Weaver said that he and a son were fishing Eagle Lake recently, using minnows and crickets -- and had the best catch of catfish they'd seen in a long time.

"We were actually after crappie and bream, but we got into big channel cat," he said. "We caught several that were 7 to 8 pounds, and got one to the boat that we didn't land that was probably 12 or 13 pounds.

Unlike channel cats, the brown bullheads tend to move and feed in schools. If you catch one or two, it's a good idea to keep fishing the same area. There are probably more of those bullheads nearby.

On both lakes, the daily bag limit for channel cats is six. But there is no limit for bullheads.

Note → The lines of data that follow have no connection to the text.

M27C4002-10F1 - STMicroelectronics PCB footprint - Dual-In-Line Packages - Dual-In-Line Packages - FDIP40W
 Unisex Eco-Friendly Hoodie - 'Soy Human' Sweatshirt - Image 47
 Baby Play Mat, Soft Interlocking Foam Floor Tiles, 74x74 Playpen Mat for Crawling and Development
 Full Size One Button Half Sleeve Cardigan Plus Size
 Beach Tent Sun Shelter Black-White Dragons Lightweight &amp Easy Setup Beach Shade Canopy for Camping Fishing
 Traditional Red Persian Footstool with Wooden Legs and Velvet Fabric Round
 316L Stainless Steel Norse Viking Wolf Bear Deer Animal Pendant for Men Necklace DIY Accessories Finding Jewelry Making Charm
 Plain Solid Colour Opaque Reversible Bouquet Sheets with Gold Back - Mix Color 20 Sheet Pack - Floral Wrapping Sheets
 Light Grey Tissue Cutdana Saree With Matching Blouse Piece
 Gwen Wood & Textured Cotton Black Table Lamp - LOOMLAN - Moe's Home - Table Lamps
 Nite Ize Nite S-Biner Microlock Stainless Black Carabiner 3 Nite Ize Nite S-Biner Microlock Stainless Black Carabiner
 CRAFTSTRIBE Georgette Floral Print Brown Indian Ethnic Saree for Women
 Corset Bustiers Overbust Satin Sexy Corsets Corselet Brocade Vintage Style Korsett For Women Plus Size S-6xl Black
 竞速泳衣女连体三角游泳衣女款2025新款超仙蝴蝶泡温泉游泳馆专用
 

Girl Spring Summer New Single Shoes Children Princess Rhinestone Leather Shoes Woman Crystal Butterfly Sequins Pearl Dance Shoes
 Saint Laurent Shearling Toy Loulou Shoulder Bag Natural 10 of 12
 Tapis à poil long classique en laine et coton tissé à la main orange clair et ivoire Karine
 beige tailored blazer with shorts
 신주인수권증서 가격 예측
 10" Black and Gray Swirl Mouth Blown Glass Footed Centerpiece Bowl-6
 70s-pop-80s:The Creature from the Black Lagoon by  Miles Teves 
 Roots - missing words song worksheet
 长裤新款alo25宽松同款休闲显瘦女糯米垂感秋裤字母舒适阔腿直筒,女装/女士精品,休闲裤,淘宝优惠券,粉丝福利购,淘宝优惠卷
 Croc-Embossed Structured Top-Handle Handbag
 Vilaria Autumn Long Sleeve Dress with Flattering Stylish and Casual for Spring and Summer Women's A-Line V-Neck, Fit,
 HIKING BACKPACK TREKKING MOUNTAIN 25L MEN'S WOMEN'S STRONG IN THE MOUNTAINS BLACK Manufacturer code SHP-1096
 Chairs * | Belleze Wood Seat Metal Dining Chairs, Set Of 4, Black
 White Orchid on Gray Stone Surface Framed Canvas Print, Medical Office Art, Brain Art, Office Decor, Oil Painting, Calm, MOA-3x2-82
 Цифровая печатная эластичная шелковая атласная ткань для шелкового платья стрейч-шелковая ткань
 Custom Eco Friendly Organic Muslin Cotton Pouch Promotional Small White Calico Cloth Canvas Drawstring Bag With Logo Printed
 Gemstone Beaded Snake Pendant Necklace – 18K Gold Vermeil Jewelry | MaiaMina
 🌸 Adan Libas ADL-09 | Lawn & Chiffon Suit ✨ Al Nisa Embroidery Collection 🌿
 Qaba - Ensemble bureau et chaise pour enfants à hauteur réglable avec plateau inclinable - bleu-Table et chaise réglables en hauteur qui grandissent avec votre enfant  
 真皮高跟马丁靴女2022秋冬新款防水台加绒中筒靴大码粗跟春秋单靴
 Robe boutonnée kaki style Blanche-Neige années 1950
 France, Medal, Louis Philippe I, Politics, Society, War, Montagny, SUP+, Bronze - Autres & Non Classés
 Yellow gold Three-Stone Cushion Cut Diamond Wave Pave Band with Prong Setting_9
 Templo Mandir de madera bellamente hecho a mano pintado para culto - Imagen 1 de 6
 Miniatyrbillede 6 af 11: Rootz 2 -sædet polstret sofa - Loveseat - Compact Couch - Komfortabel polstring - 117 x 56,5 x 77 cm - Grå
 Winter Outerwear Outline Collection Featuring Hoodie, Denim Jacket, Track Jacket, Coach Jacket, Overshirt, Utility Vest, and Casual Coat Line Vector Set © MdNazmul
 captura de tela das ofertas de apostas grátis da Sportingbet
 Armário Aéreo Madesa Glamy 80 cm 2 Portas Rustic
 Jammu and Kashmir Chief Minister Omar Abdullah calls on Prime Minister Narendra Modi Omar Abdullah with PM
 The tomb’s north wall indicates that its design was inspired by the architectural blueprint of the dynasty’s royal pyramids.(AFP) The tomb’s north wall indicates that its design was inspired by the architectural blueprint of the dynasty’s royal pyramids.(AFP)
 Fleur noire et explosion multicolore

If you plan to fish Eagle and Lang for catfish, you probably will need to fish with rods and reels, due to the depth. Most serious catfishermen on the lakes go to the deeper holes and typically use earthworms and stinkbaits.

Both lakes are open to fishing during daylight hours only. No gasoline motors may be used on either lake.

To get to these lakes, take U.S. 41 north from White Springs. Turn right on County Road 137, then look for the signs.

A good catfishing lake just east of Gainesville on the Putnam and Marion County line is Rodman Reservoir. This impoundment was part of the ill-conceived, ill-fated Cross Florida Barge Canal that President Nixon stopped in 1971.

Rodman tends is a fairly shallow reservoir, but offers excellent fishing for channel cats, white cats and brown bullheads, particularly near the old river channel.

A couple of years ago, a friend and his son drove down to Rodman for a few days of bass and bream fishing. They caught a few largemouths and some bream, but then ran into a local man with a box full of 1- to 2-pound channel cats. The fisherman told them his secret was to fish near the old river channel with red worms.

They anchored in water 9 to 10 feet deep and had the time of their lives, pulling in channel cats on limber bream busters.